An excellent article indeed Rob. He makes his point much more equitably in the follow-up (no doubt in reposne to the criticisms)!

I still think there’s more room for rural living than Hemenway suggests. Certainly I agree about his view of small farms positioned around and serving urban centres. And within that context here’s the quote from Patrick Whitefield again:

> “The key to implementing Permaculture in the countryside is repopulation. This includes the breaking up of the present large, mechanised farms into small farms, smallholdings, and new hamlets were energy intensive production can be replaced with design intensive and human-attention-intensive production….
>
> The present cold landscape of wide open, deserted fields and infilled dormitory villages would develop into an intricate landscape, full of diversity, full of people and full of wildlife.
>
> However, a dispersed settlement pattern like this will not be an ecological improvement if we continue with our present lifestyle. These days all of us, town and country dwellers alike, expect what is essentially an urban lifestyle, in terms of shopping, education, entertainment and so on. Those of us who live in the country get it by unrestrained use of our cars.
>
> A sustainable rural lifestyle is one in which staying at home all day every day is the norm, not the exception. The weekly visit to town, perhaps five miles away, the child cycling to school, the evening walk over the fields to visit friends – these are about the limits of travel we can expect.
>
> This kind of lifestyle could be a deeply satisfying one in a thriving, repopulated countryside, but in today’s countryside it can be isolated and lonely. We need a change in planning assumptions to make it possible, but equally we need the change in lifestyle to enable planning assumptions to change.
>
> What actually happens in dispersed settlements today does not encourage a change in planning assumptions. New rural housing tends to attract commuters rather than home-workers, and they have longer trips to work than if they lived in town. Even where the new inhabitants are home-workers, in practice they make as many car trips as commuters, though at different times of day. Rural workshops are more often let to town-dwellers who can’t find space in town than to local residents. This leads to reverse commuting, and to businesses which are only accessible by car. Not surprisingly some advocates of sustain-ability come down firmly against new dispersed housing in the countryside.
>
> The way forward is for permaculturists to demonstrate that a sustainable, low-transport life is possible in the countryside now by actually living such a lifestyle. This is the only way to show the planners that not everyone who wants to live in the country is a potential commuter in disguise.”

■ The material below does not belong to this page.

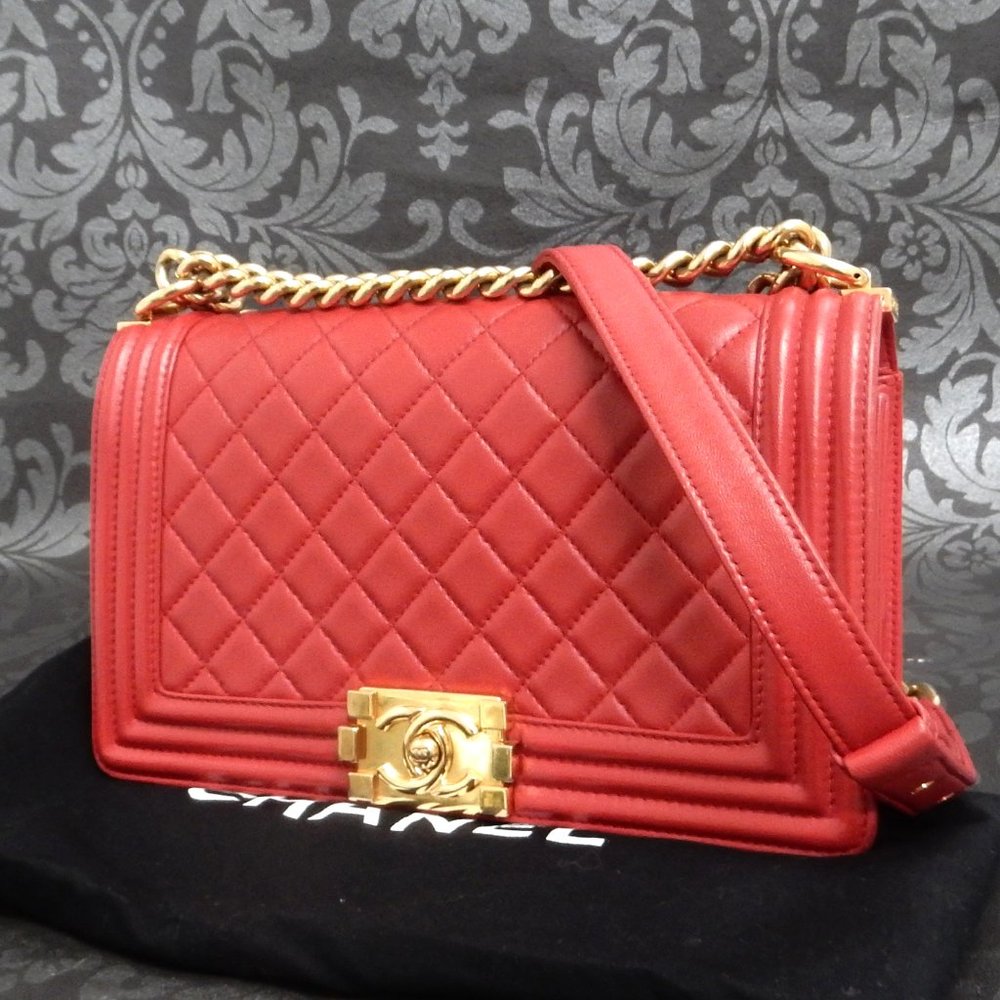 Chanel Red Leather Bag with Gold Chain Strap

Producing enough food in a post-carbon world will require a LOT more farmers than we currently have.

Yes, rural life will be less culturally rich than the urban life. But some people prefer that!

The main thing I agree with is that the emphasis in magazines and newspapers on investing in ‘pieces of heaven’ is horrendous.

Graham Strouts
17 Jan 5:56pm

Excellent article and excellent comment, Tom. Hemenway’s article came out at a very apt time for me- just as I was making a move from the “rural idyll” of West Cork to the small town of Kinsale. Leaving a rustic self-built roundhouse with wood-burning range on which I can cook, bake in the oven and which also heats water, as well as my new wind-turbine, set in the beautiful surrounds of the Coomhola Valley is quite a move and a lot to give up. What I lose in terms of the electric heating and cooking in the flat I hope to make up for in reducing driving. A small town like Kinsale could be as good a place as any to be after Peak Oil, set as it is amongst excellent farming land and with a reasonable amount of forestry resources close by.
But I certainly dont think rural life cant be sustainable. I do suspect however that many of the folk like myself who bought “little bits of heaven” at the end of some murkey boren up in the mountains- no matter how beautiful and peaceful- simply will not want to live there if they do not have the freedome to jump in th car and head off to the city whenever they need. I think this is a particular issue for those with kids.
Living in a rural idyll is very nice- but being trapped there, with little or no opportunity to travel, would be a very diferent story for most people.

adam f
18 Jan 9:49pm

Thanks for pointing out Aric McBay’s response. A good exchange I think from two pretty compelling view points.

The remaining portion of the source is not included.